Former public enterprises minister Barbara Hogan has resigned as an MP following her axing from the cabinet on Sunday. She could not be reached for comment, but her partner, veteran ANC politician Ahmed Kathrada, confirmed the resignation.
She was among the nine cabinet ministers fired by President Jacob Zuma in the biggest shake-up of the executive since 1994, The Mercury newspaper reports. Hogan headed the department that oversaw state arsenal Denel and South African Airways, among others.
Yesterday, their successors, as well as a host of new deputies, were sworn in. While the new members of the executive can look forward to the perks of office, those who have received the chop will have to say goodbye to seven-figure salaries and luxury homes in two cities, to name but a few benefits.
Within 60 days, they will be expected to hand in the keys to their official residences. What they will also be saying goodbye to is a basic salary of about R1.7 million, and a car allowance of up to 70 percent of their annual salaries. Those without private homes in Cape Town, and who opt to stay on as MPs, will have to scramble for townhouses at the run-down parliamentary villages.
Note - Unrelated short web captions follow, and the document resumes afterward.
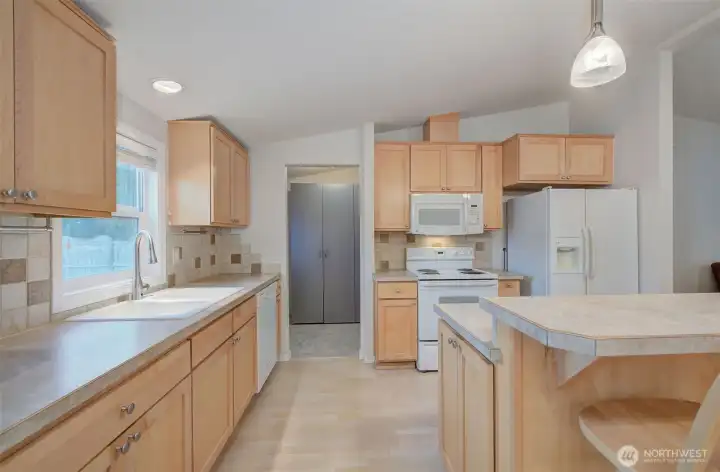 Another angle of the kitchen looking towards the old laundry room. It's now a large pantry area and the laundry is in the shop with the 1/2 bath.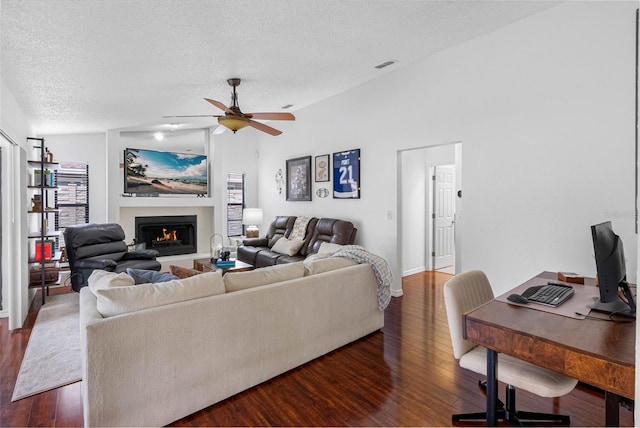 12470 93rd St, Largo, FL 33773 - living area featuring wood finished floors, a textured ceiling, a lit fireplace, a ceiling fan, and baseboards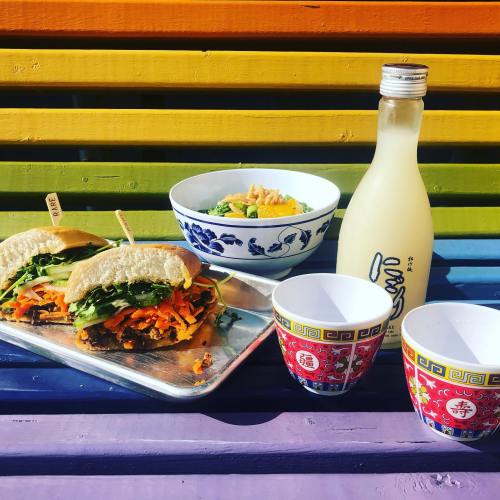 A colorful meal featuring two sandwiches, a bowl of salad, a bottle of drink, and two decorative cups on a vibrant background.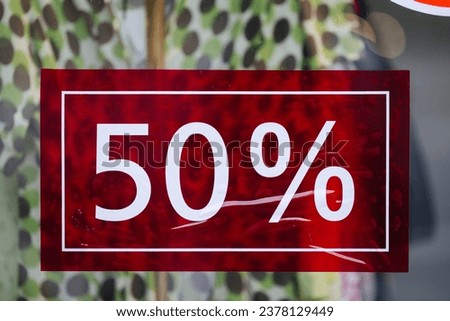 Fifty percent off sale sign in a shop window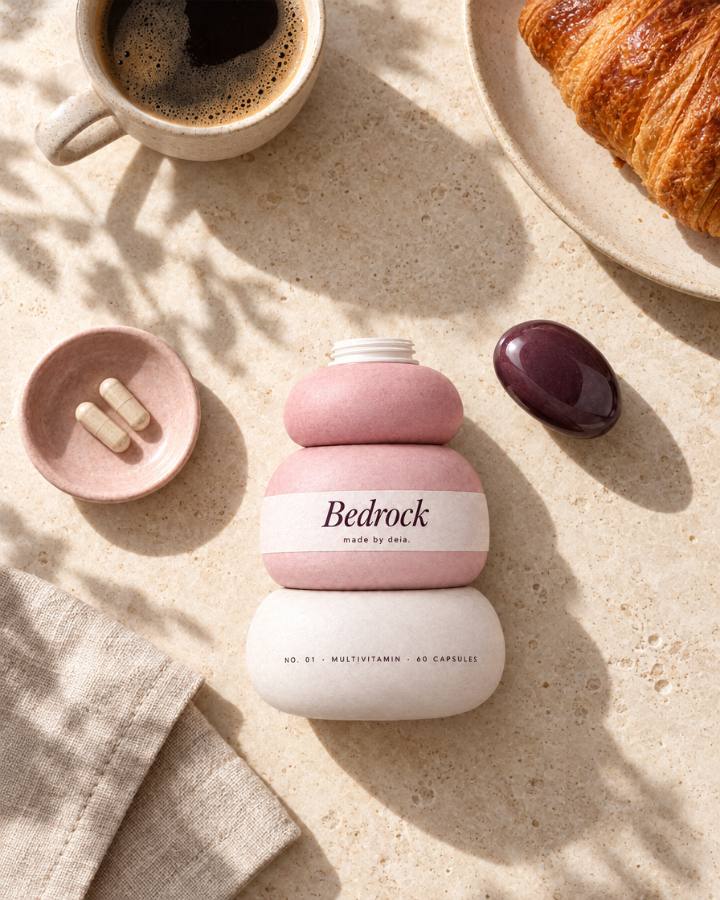 Bedrock with its top stone lifted, beside coffee, a croissant and two capsules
Also gone are their bodyguards and official drivers, although the ministerial handbook does allow for a transition phase. The state picks up the tab for their move, while some perks will remain, such as 48 single domestic business-class flights a year.
Among those who said they were not surprised by Zuma’s decision was former sports minister Makhenkesi Stofile, who said that he had wanted to retire anyway. “I asked to retire in April,” he said, “but the president probably wanted to do a comprehensive act once and for all.” Stofile said he would decide by the end of the week whether he would also retire as an MP.
Happy to go back to Parliament’s back benches is former labour minister Membathisi Mdladlana, who leaves the cabinet after more than a decade. Asked about the suspension of controversial director-general Jimmy Manyi, Mdladlana repeated that he had not “fought” with the head of his department. Mdladlana, head of the ANC’s Western Cape task team, said he was going back to the province to help organise a campaign that aimed to unseat the DA in Cape Town.
Most attention was focused on the axing of communications minister Siphiwe Nyanda, regarded as a key Zuma ally and senior member of the ANC’s security subcommittee. Nyanda said on Sunday that he respected the decision by the president. “He has the prerogative to do that,” said Nyanda.
“I am happy that I have served, and that’s all I will say.”
Axed public works minister Geoff Doidge heard the news while he was abroad. He said he would comment only once he returned to South Africa. Former water and environmental affairs minister Buyelwa Sonjica’s plans were also unclear.
The Presidency confirmed yesterday that deputy minister of international affairs Sue van der Merwe was also to stand down. Van der Merwe said that she would stay on in Parliament and hoped to play a meaningful role there. Former minister of women, children and people with disabilities Noluthando Mayende-Sibiya could not be reached.
Meanwhile, Parliament has a mini crisis as the cabinet reshuffle has stripped it of nine committee chairmen and women. Most of the committees are to meet for urgent business from Tuesday.